* _What you will do_
Verbatim reproduction of the entries is required; images must be omitted.

═════ Data extract

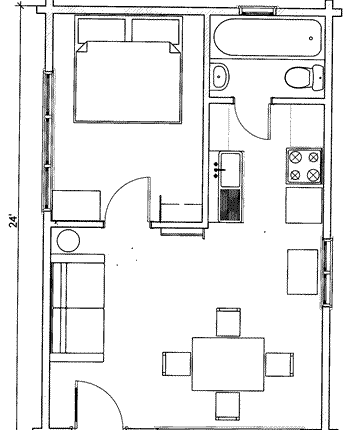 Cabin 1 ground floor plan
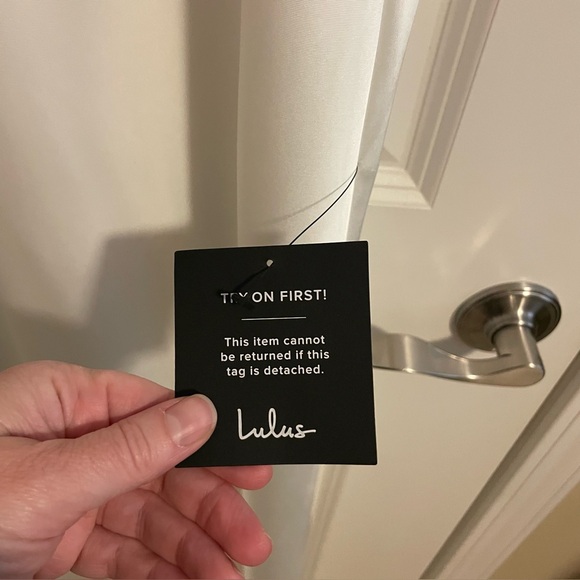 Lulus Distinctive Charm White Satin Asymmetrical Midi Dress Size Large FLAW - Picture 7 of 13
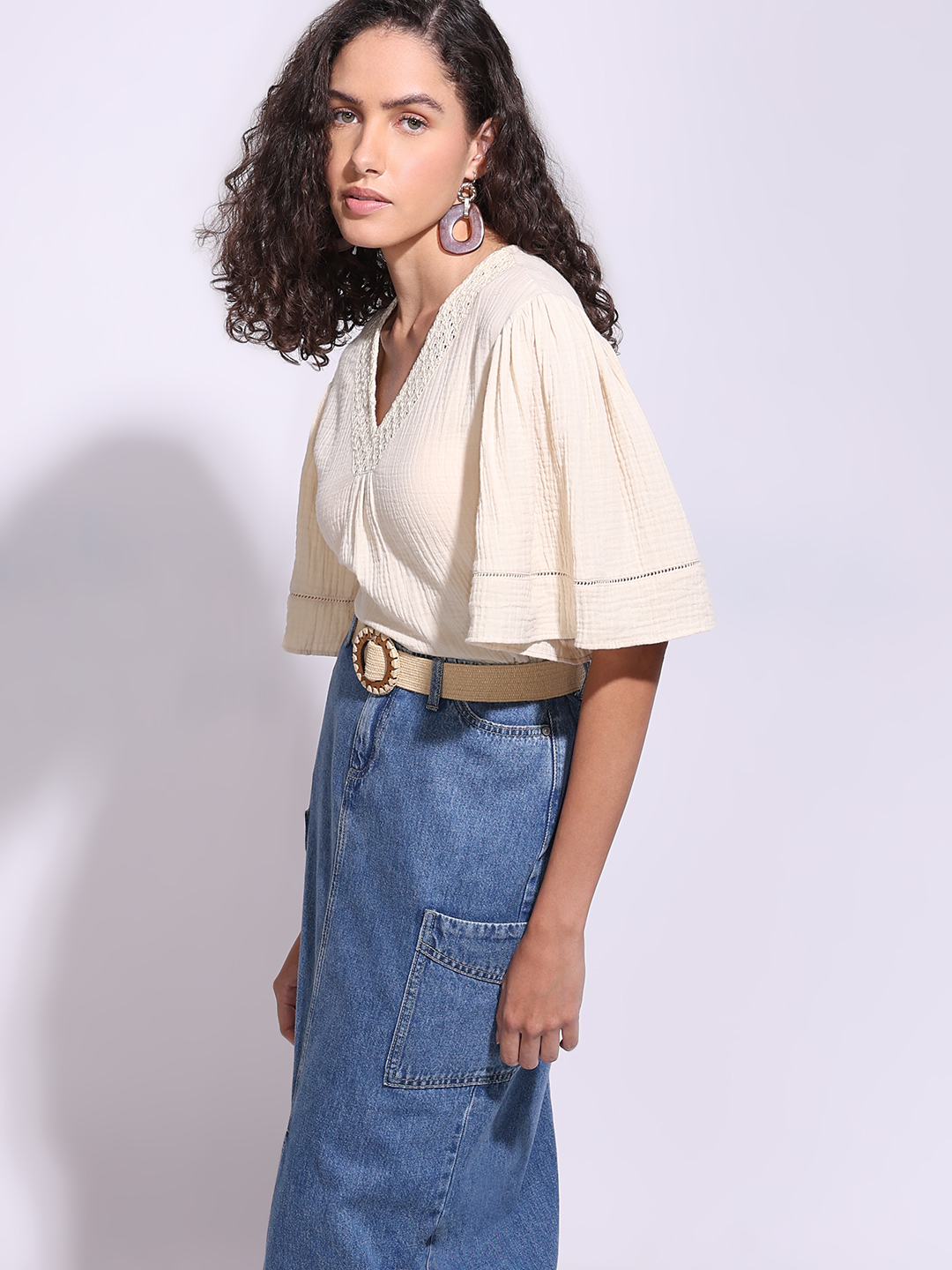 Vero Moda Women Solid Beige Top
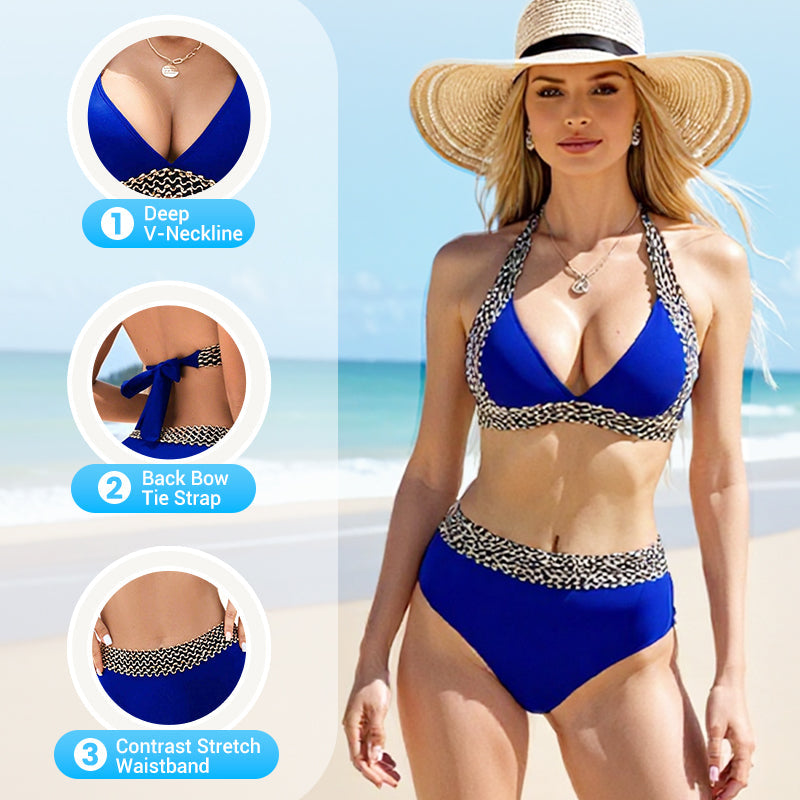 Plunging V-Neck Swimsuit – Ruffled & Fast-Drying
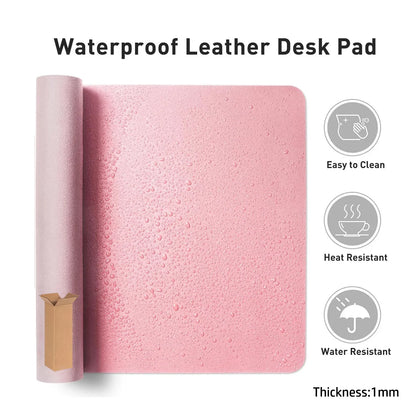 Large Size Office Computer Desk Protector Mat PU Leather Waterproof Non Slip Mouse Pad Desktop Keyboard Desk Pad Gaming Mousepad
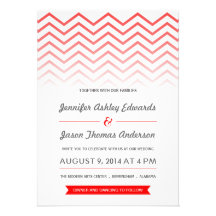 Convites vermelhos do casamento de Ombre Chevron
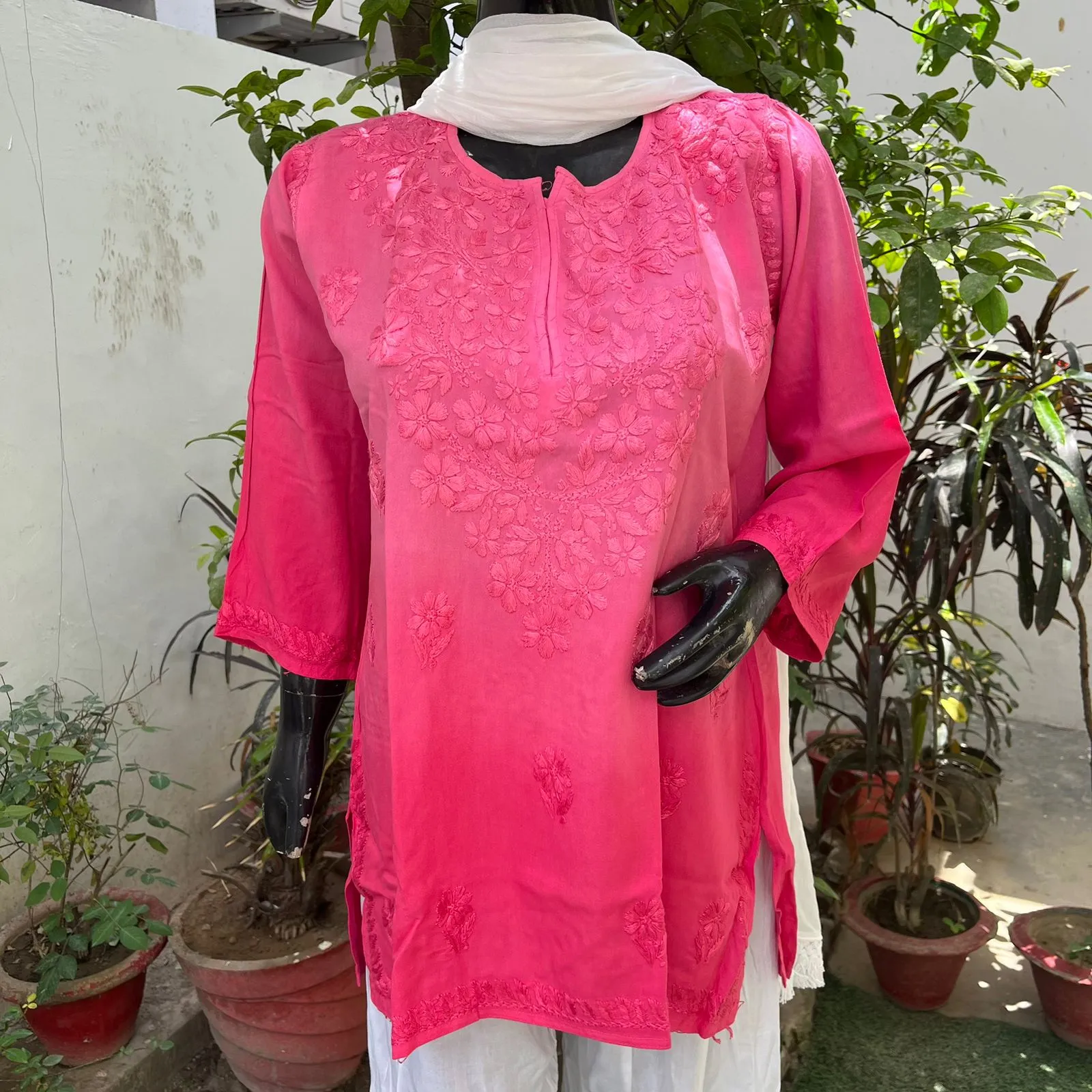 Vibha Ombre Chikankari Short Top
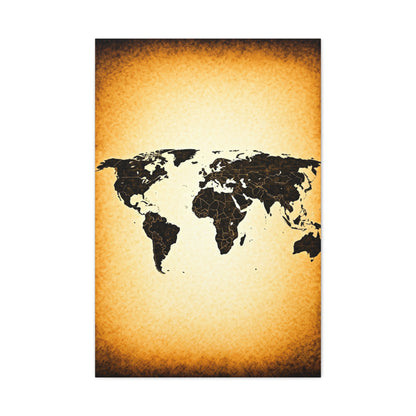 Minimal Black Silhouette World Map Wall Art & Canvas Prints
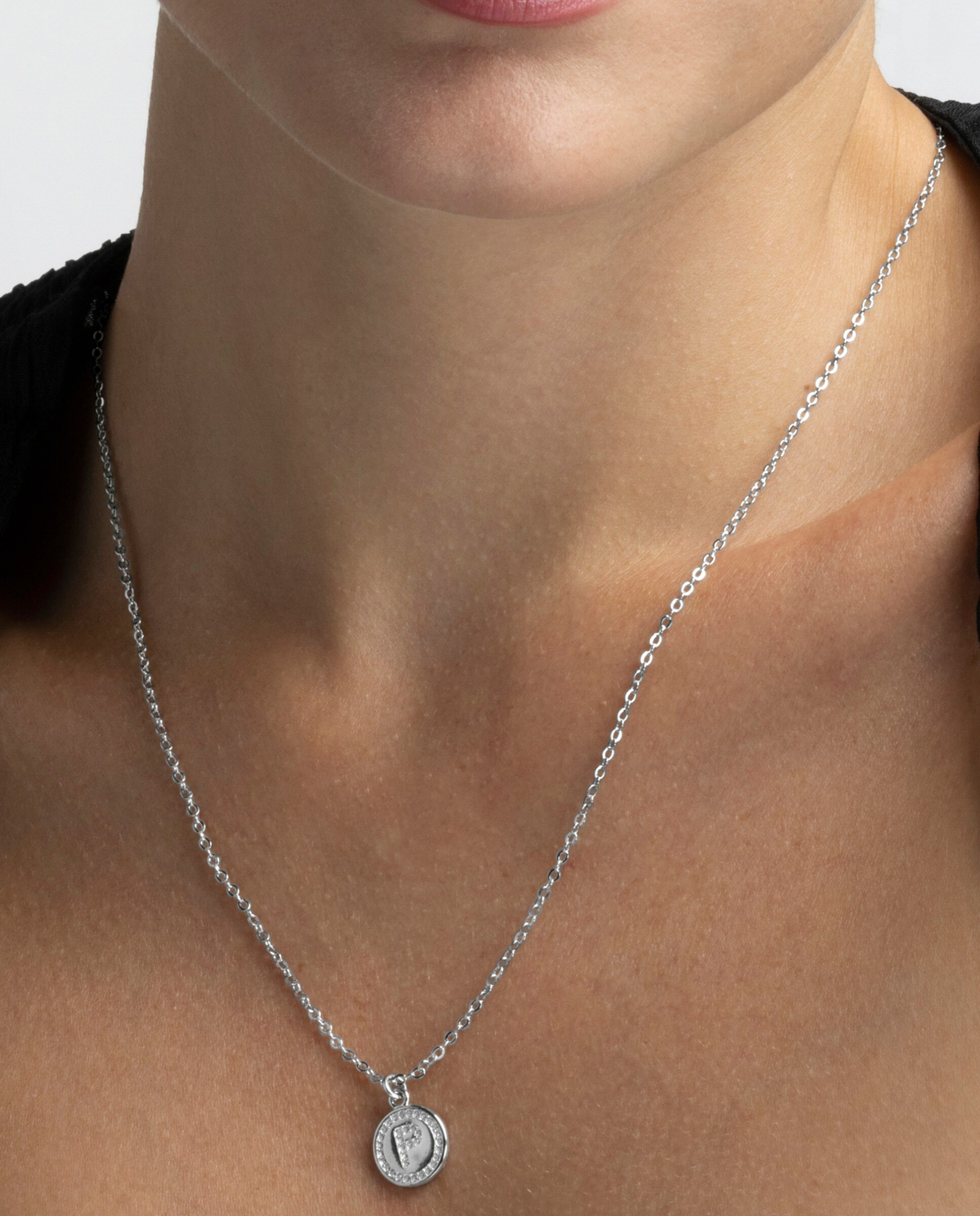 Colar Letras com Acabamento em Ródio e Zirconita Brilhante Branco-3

══════════

* _Answer box_
 Cabin 1 ground floor plan
 Lulus Distinctive Charm White Satin Asymmetrical Midi Dress Size Large FLAW - Picture 7 of 13
 Vero Moda Women Solid Beige Top
 Plunging V-Neck Swimsuit – Ruffled & Fast-Drying
 Large Size Office Computer Desk Protector Mat PU Leather Waterproof Non Slip Mouse Pad Desktop Keyboard Desk Pad Gaming Mousepad
 Convites vermelhos do casamento de Ombre Chevron
 Vibha Ombre Chikankari Short Top
 Minimal Black Silhouette World Map Wall Art & Canvas Prints
 Colar Letras com Acabamento em Ródio e Zirconita Brilhante Branco-3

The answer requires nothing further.